WHAT TO WORK ON:
Take the line containing "Manifacture Imperiale et" and every line below it through the end of the entries, and output them verbatim, pictures excluded.

Saved data entries
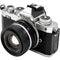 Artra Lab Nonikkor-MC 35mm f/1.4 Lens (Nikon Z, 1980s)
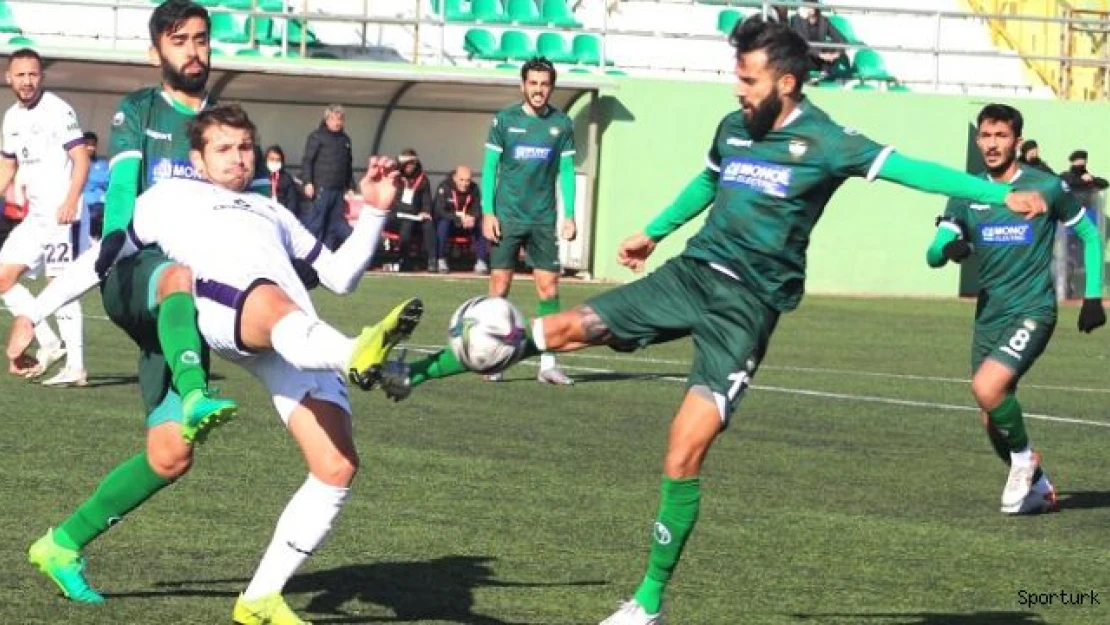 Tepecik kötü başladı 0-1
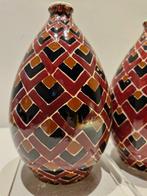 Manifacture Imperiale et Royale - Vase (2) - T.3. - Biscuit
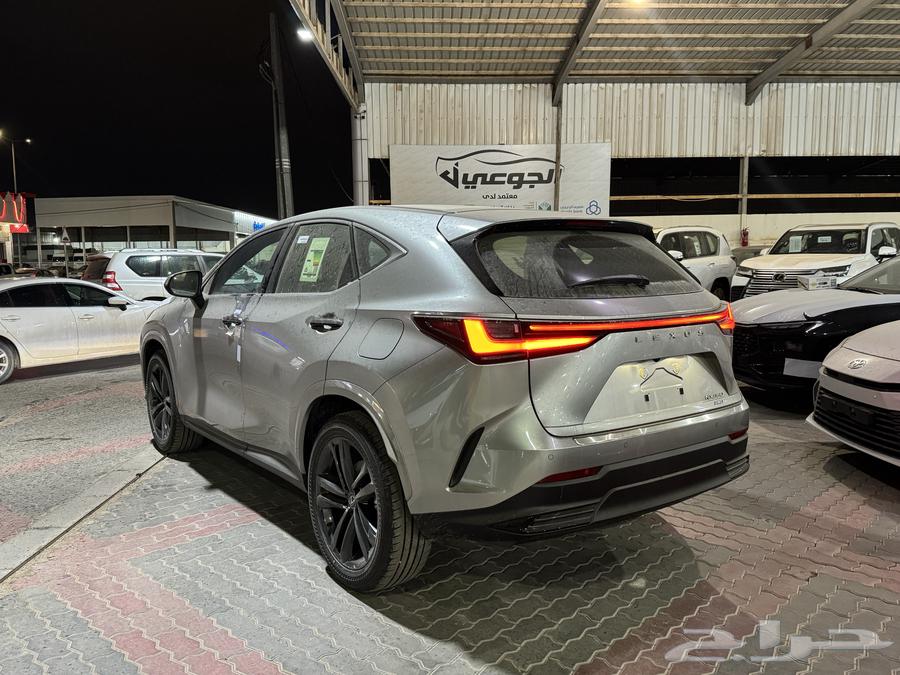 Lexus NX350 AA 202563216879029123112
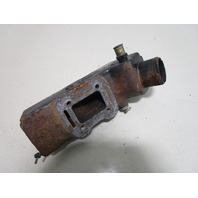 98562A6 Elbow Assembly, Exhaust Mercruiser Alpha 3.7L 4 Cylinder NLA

EXERCISE RESULT:
 Manifacture Imperiale et Royale - Vase (2) - T.3. - Biscuit
 Lexus NX350 AA 202563216879029123112
 98562A6 Elbow Assembly, Exhaust Mercruiser Alpha 3.7L 4 Cylinder NLA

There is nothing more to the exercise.